Data excerpt:
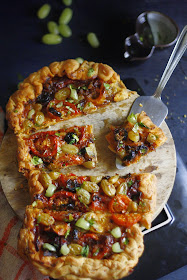 Summer perfect snack of easy tart with salsa as a base and green grapes, gouda cheese and tomato. 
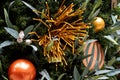 Christmas tree decorated in tropical style with golden and orange ornaments ball. Close up Royalty Free Stock Photo
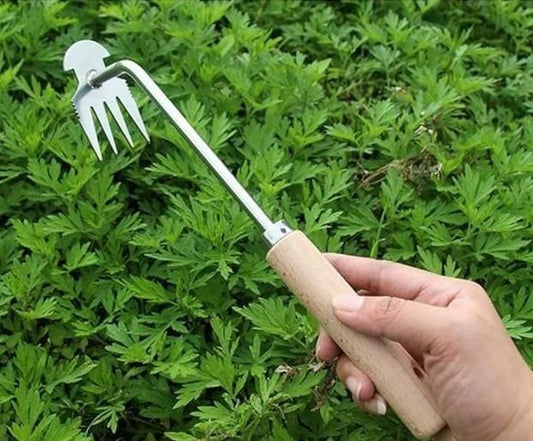 Manual weed remover for small farms with wooden handle and metal prongs held above green plants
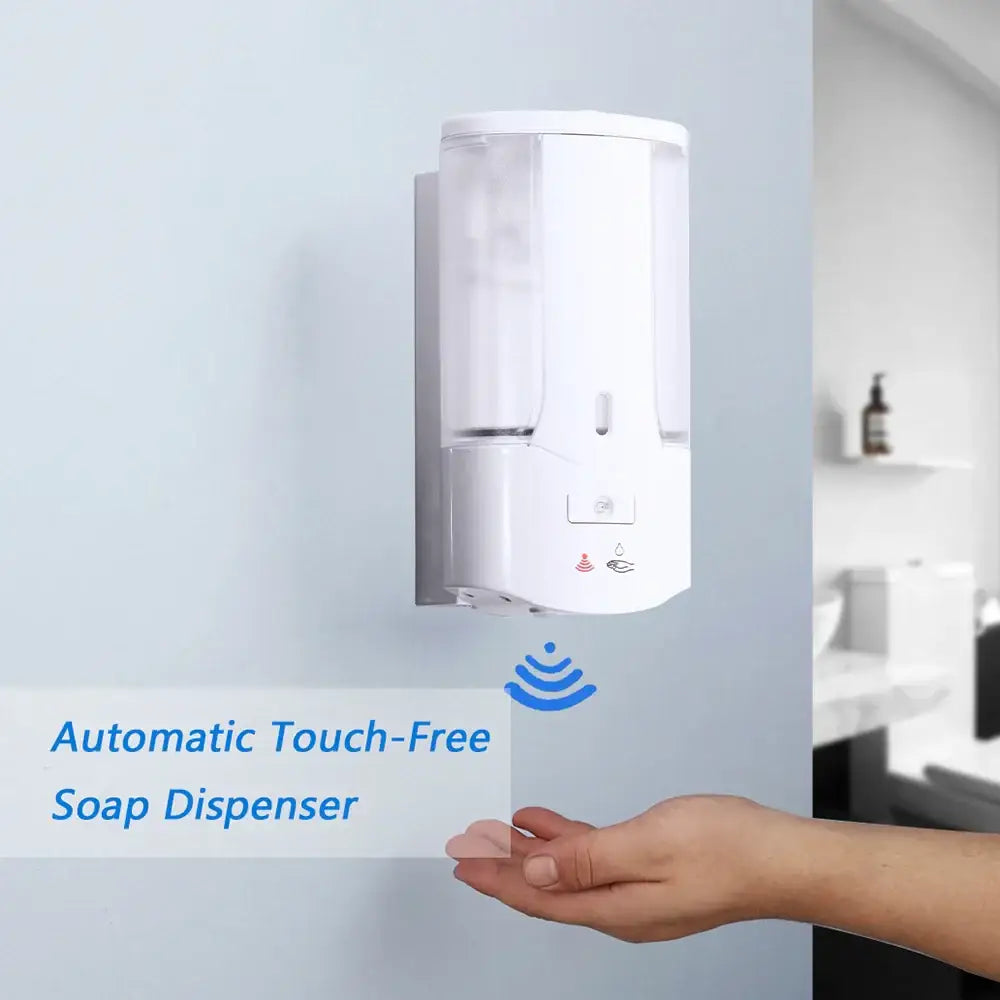 Modern white wall mounted automatic liquid soap dispenser with clear reservoir and sensor for touch-free dispensing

Work instructions:
Each line above should be set down exactly as written, with pictures excluded.

Reply to the exercise:
 Summer perfect snack of easy tart with salsa as a base and green grapes, gouda cheese and tomato. 
 Christmas tree decorated in tropical style with golden and orange ornaments ball. Close up Royalty Free Stock Photo
 Manual weed remover for small farms with wooden handle and metal prongs held above green plants
 Modern white wall mounted automatic liquid soap dispenser with clear reservoir and sensor for touch-free dispensing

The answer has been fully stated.